There was nothing for it but to cover the story as one long piece. It troubled me a tiny bit to burn through so much of Jodie Whittaker's limited and precious stock of remaining stories, so I've decided I won't post about any of her three 2022 specials until they come up randomly, the better to make her era last throughout the remaining lifetime of the blog. Perhaps perversely, I also decided if I was going to use up six episodes in one go, I would use them up in one go. I would binge the lot in one five and a half hour marathon, with only the odd bathroom break on pause. I previously managed this for the relatively svelte 10-parter The War Games, but this would be even more of a challenge. I very nearly made it, but during Christmas holidays in a busy family house it wasn't possible to not have one meal break of half an hour. It at least took place between chapters four and five, so not interrupting an episode and following a cracking cliffhanger. I was accompanied throughout both shifts by the youngest (girl of 9) who was keen to watch it all again, and felt happier that some outstanding questions in her mind were answered by this re-watch. We viewed the story from my PVR recordings of the episodes rather than on the BBC iplayer, so we could get the surrounding idents, continuity and trails as part of the experience.
First Time Round:
I have often bemoaned my meagre remembrances of recent stories when covering them only a few years later here on the blog; many times I've suggested the keeping of a viewing diary, so as an experiment I tried it for Flux:
- 31st October. Chapter 1: The Halloween Apocalypse. Giving out sweets from about 5.30pm while the kids are out trick or treating. All sweets gone in half an hour, but that's not stopping people ringing the doorbell. Put up polite notice - 5 minutes to go before the broadcast, but kids not back yet. Start to watch live at 6.25pm, but feel guilty that I'm not waiting and give up at "Liverpool 1820" just after the beginning credits. When they get back, kids need to warm up with some soup. End up watching [from the start] with the two youngest (boy of 12, girl of 9) time-shifted using the PVR about 40 minutes later than live.

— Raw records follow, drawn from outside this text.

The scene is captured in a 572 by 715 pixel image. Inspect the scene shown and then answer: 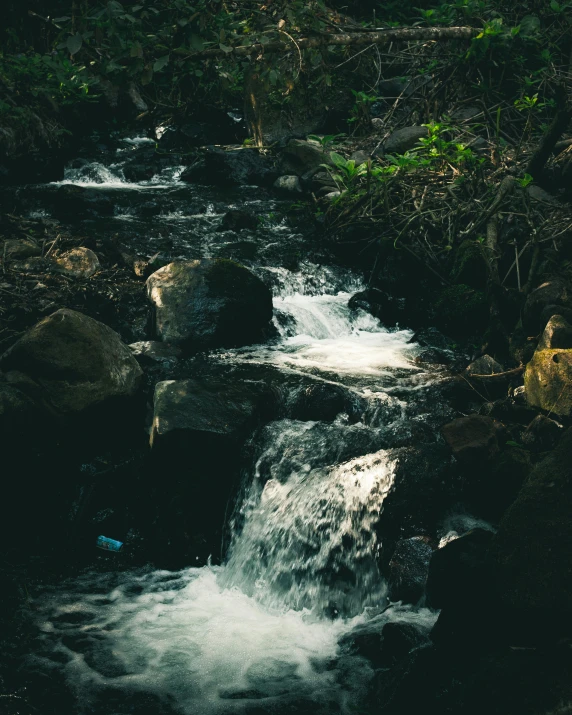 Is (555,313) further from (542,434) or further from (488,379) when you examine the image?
(542,434)

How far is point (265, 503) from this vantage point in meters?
4.80

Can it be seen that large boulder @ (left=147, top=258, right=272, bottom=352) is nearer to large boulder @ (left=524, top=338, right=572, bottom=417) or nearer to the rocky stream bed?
the rocky stream bed

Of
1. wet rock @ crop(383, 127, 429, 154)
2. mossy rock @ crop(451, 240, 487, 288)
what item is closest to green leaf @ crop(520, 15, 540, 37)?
wet rock @ crop(383, 127, 429, 154)

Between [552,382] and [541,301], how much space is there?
123cm

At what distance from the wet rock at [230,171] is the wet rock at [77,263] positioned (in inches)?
182

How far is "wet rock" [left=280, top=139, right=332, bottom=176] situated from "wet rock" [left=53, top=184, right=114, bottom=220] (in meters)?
3.18

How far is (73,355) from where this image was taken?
493cm

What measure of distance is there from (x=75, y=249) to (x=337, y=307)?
10.2ft

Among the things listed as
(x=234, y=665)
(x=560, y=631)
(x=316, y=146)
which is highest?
(x=316, y=146)

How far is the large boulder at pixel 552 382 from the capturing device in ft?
16.0

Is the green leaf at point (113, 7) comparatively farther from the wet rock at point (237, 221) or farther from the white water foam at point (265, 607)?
the wet rock at point (237, 221)

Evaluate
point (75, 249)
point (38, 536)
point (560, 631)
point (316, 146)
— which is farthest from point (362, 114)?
point (560, 631)

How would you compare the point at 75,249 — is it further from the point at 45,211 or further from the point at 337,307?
the point at 337,307

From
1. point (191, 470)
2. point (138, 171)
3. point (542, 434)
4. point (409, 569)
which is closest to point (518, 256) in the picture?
point (542, 434) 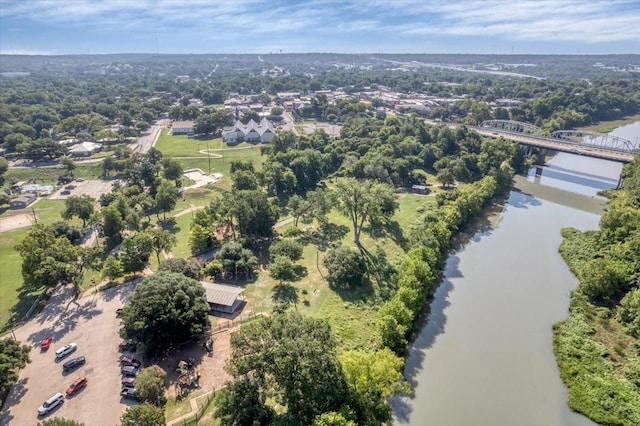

- 8th November. Chapter 2: War of the Sontarans. Missed the live broadcast as I was at the BFI for the Galaxy 4 animation screening, then with friends in London afterwards. Kids waited so they could watch with me. Put on the PVR recording the following evening after dinner with two youngest [they will be my only viewing partners throughout Flux]. Lots of chants of "Sontar-ha!" from both before they settled down to bed afterwards.
- 14th November. Chapter 3: Once, Upon Time. First episode we watched live as it went out on BBC1. Caught the obligatory last few minutes of Countryfile, waiting in anticipation. Youngest showed me that she was keeping her eyes wide open whenever the Weeping Angels were on screen.
- 21st November. Chapter 4: Village of the Angels. Slightly time-shifted (about 10 minutes or so) as we couldn't wolf down our supper fast enough. Youngest needed to play a game on my phone to distract herself towards the end as it was getting too scary, but didn't want to leave the room and kept occasionally glancing at what was on screen.
- 28th November. Chapter 5: Survivors of the Flux. Watched live including the last few minutes of Countryfile again. Youngest is feeling a bit poorly but didn't want to miss it. [This will turn out to be Covid and everyone in the family will get it before too long.]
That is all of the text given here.